Last month, too, there was Born Kicking, a gripping account of the rapid rise, disillusionment and triumph of the first woman to play football with the lads at the very highest level; her name was Roxy and her chairman and mentor was played by that fine actor Denis Lawson, trying to hide behind a moustache.

Tonight it's the turn of boxing, in Lynda La Plante's Seconds Out, 'an engrossing saga about a boxer in his mid-20s who is on the verge of a title before being framed on a rape charge and pushed into the nightmare world of unlicensed fights' (Time Out). Crikey.
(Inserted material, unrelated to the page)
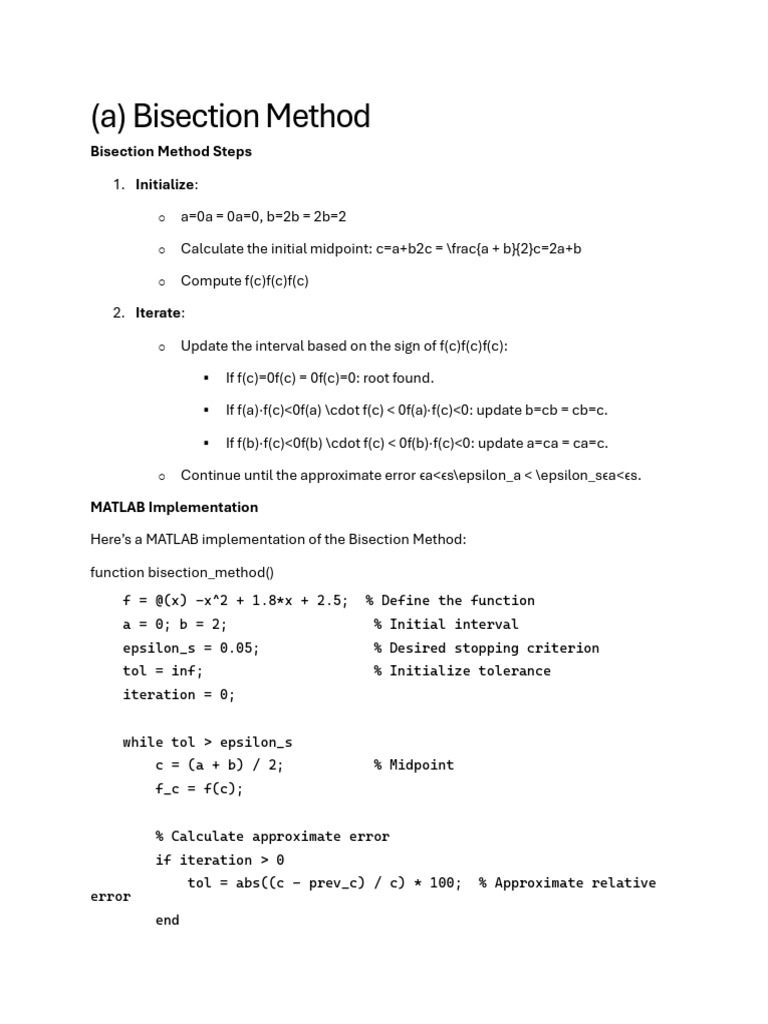 Bracketing Methods Tut 3 Numerical | PDF | Mathematics Of Computing ...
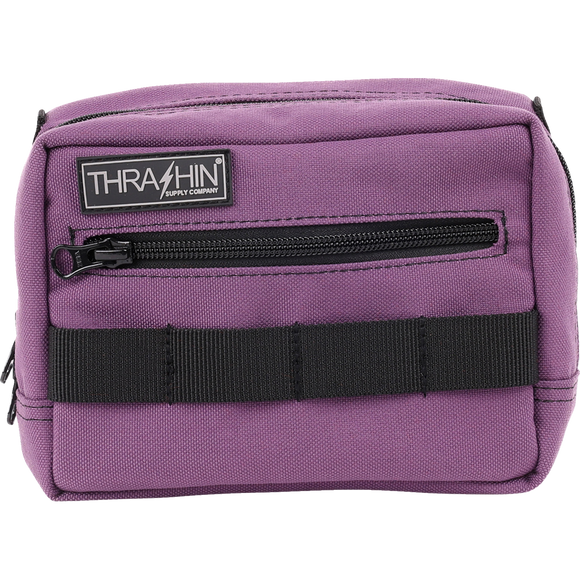 Thrashin Supply Co. ballistic nylon handlebar bag with YKK zippers and quick-attach straps mounted on Harley-Davidson handlebars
I shall be watching, of course, because I'm something of an aficionado, a bit of a buff of screen sporting drama. I can even remember, just about, the BBC soccer opera of the 60s, United, a sort of grittier version of Compact. And how many people now recall Diana Dors in the rugby league series, Queenie's Castle? I certainly wouldn't have fancied stopping Diana at pace, I can tell you.
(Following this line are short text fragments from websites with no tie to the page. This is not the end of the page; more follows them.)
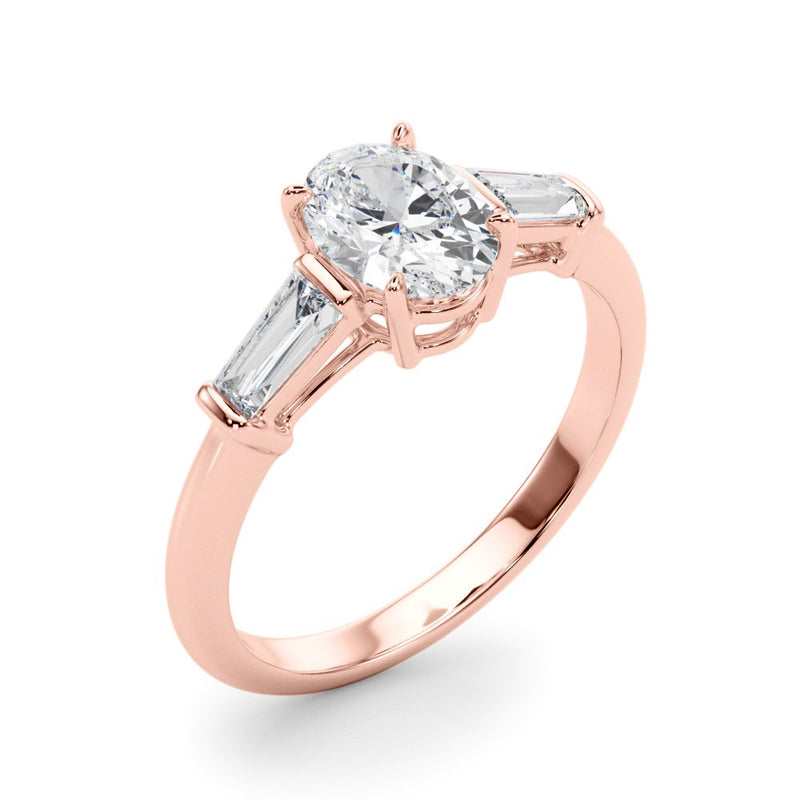 Petra Oval Three Stone Engagement Ring
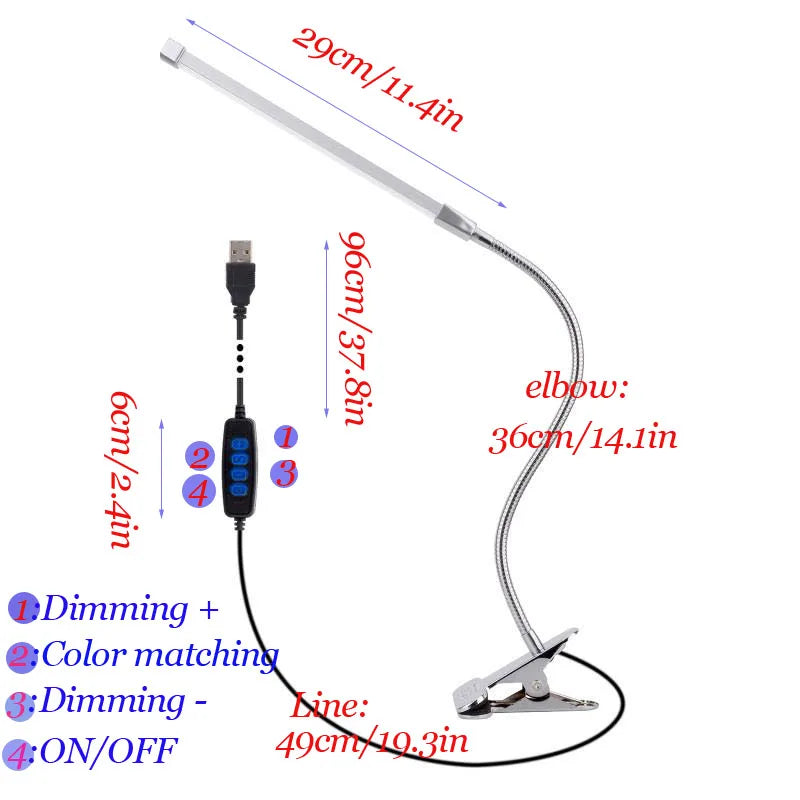 lampe flexible led noir pince usb 10 niveaux luminosité moderne adjustable interrupteur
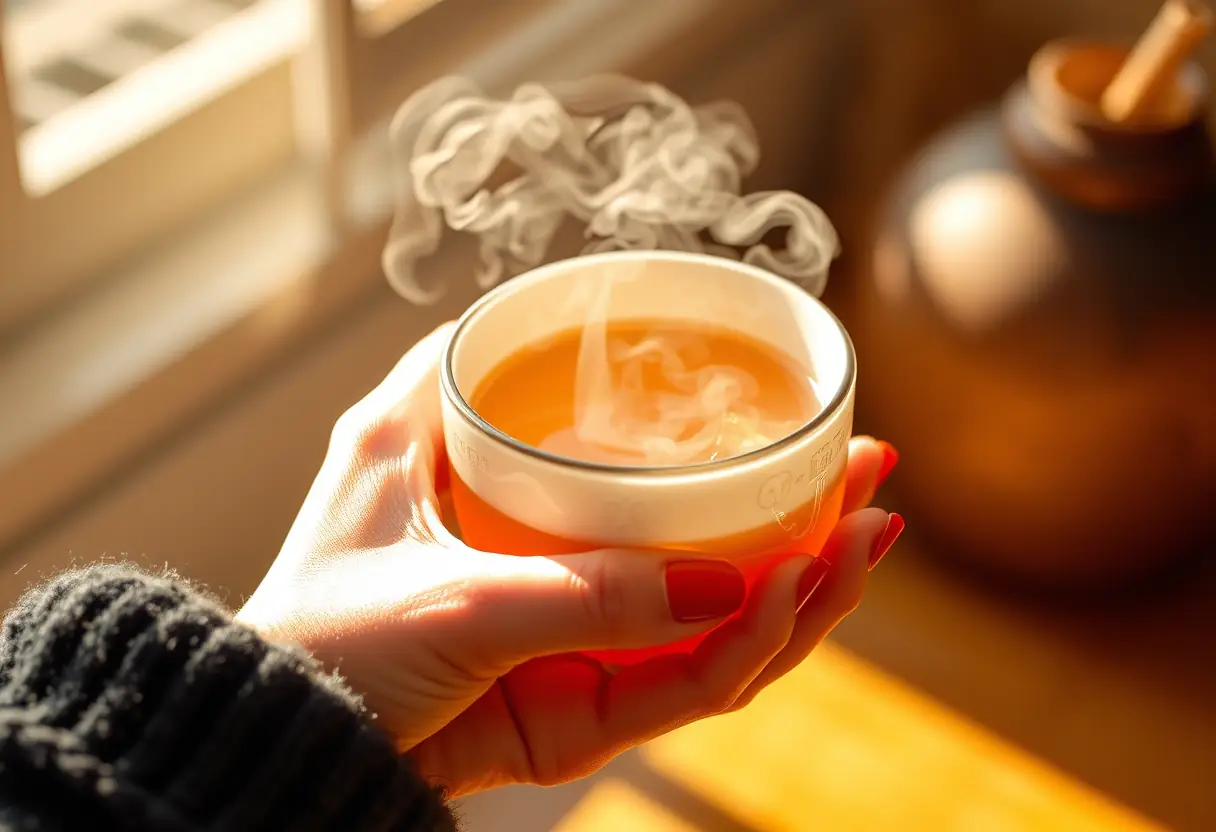 Une main tenant une tasse de thé herbeux, la lumière chaude souligne la chaleur de la scène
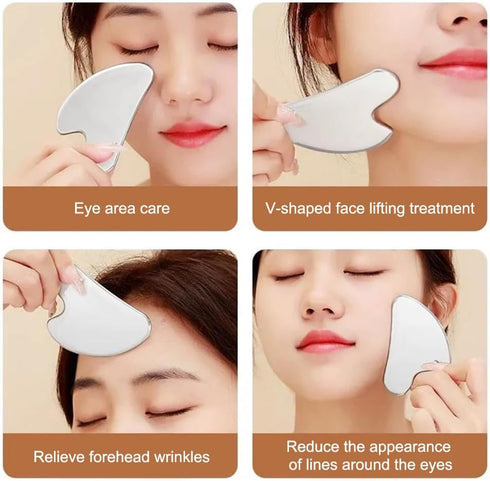 Mellisore Set, 3Pcs Stainless Steel Gua Sha Tool Facial & Body Gua Sha for Jawline Sculpting, Lymphatic Drainage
All that, though, is by-the-by. What you want to know, quite rightly, is why sporting drama is always so awful. Well, first, a few provisos. There have been some excellent sporting dramas. Personally, I thought the King (Elvis Presley) gave one of his finest readings as Kid Galahad (1962), but that is just me. More generally acclaimed was Raging Bull, the life of Jake La Motta, which had the benefit of both Bobby de Niro and Marty Scorsese, as we buffs call them.

I noted, too, from the Q & A slot on this page that some of you still have vivid memories of Yesterday's Hero, in which Ian McShane brought an uncannily accurate haircut - he still has it - to the role of the burnt-out dribbler with one great game left in him. Striking though that was, it cannot compare with my all time favourite, Escape to Victory, starring Sylvester Stallone, Michael Caine, Bobby Moore and Pele as Allied prisoners of war taking on the might of the Reich at football. I cannot now remember whether they won or escaped, but I shall never forget Sly Stallone's goalkeeping.
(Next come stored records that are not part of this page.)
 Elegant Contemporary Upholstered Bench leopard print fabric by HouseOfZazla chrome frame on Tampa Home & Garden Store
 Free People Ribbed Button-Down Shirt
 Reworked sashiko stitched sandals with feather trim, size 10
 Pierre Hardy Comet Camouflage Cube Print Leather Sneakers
Actually, in the acting stakes, I thought Mooro's pronounced underplaying just shaded Stallone's, although both lost out to Caine's stomach, which seemed to have a life, and certainly a direction, of its own, particularly on his deep runs from midfield. (I understand he has now had a lot of it sucked away with that new process; he will never, though, erase the memory of Escape to Victory.)

Caine's protuberance pointed up the familiar problem of the sporting drama, the difficulty in showing actors as convincing athletes. Thus all those shots very close up, all those shots from rather a long way away and the enthusiastic crowd from what is obviously quite a different event altogether.

The other tricky bit is the script. Life, in general, is but a poor reflection of Art. But not Sport. Sport beggars the imagination. Who would dare write the script of the 1966 World Cup Final? C'mon . . . a Russian linesman does what? Who could, would invent Nigel Mansell? Ted Dexter? Micky Duff? David Coleman? Or, pardon the intrusion, the extraordinary hod carrier profiled next door? Only his reality gives any credibility at all to Cloughie.

That's why true stories, like Raging Bull, work best. But I don't think we should give up. And I happen to have some really good ideas: The Twicker Man, for example, in which a retired wing commander, played by Bruce Forsyth, makes some strange discoveries about a game played for love; Rick], my musical about the birth of the Premier League; and Mallet, set in the raunchy world of international croquet, where the shrubbery always beckons, starring Mark Arable, a well-muscled cereal farmer who has a way with a pair of shorts and a sensational roquet. Bobby, Marty, call me.